Online education technology company Coursera began its first day of trading on Wednesday after listing on the New York Stock Exchange under the symbol COUR. Shares of the company opened at $39 a piece and climbed around 18%, pushing Coursera’s market cap above $5 billion.
On Tuesday night Coursera priced its initial public offering for an aggregate of 15.7 million shares at $33.00 per share, which would’ve allowed the company to raise around $484 million.
The COVID-19 crisis spurred a surge in online learning since last March and Coursera has benefited at least in part by the boom. But the company expects to remain relevant beyond the end of the pandemic as it bets that the future of education will be a blend of online and in-person learning. Here’s the pitch from Coursera’s IPO filing:
We believe the future of education will be characterized by blended classrooms, job-relevant education, and lifelong learning, and that online learning will be the primary means of meeting the urgent global demand for emerging skills.
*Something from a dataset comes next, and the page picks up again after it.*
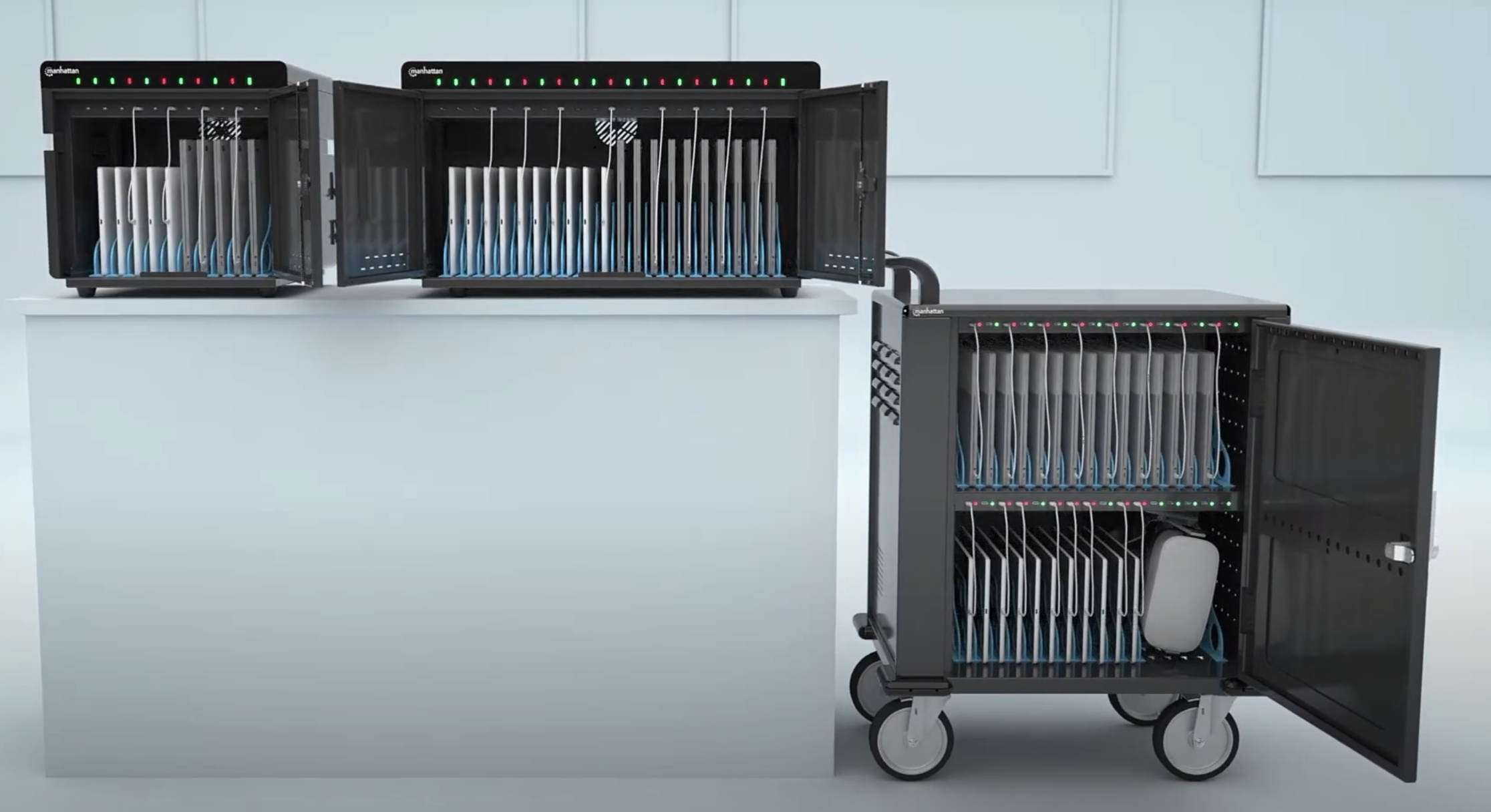 Load video: Manhattan 10-Port, 20-Port and 32-Port USB-C Charging Cabinets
According to an estimate by the World Bank, there were more than 200 million college students around the world as of October 2017, many of whom did not have necessary job-relevant skills. Online learning holds the promise to enable anyone, anywhere to learn new skills in preparation for high demand, digital jobs. The combined forces of online learning and remote work have the potential to increase global social equity by enabling a future where anyone, anywhere has access to both high-quality learning and high-quality job opportunities in an increasingly digital world.
Coursera’s IPO prospectus disclosed 2020 revenue of $293 million, an increase of 59% year over year, with net losses of $66.8 million. The company said its total registered users grew 65% year over year in 2020 to more than 77 million. Coursera said over 2,000 organizations, 4,000 academic institutions, and 300 government entities had used its platform to upskill and reskill their employees and students.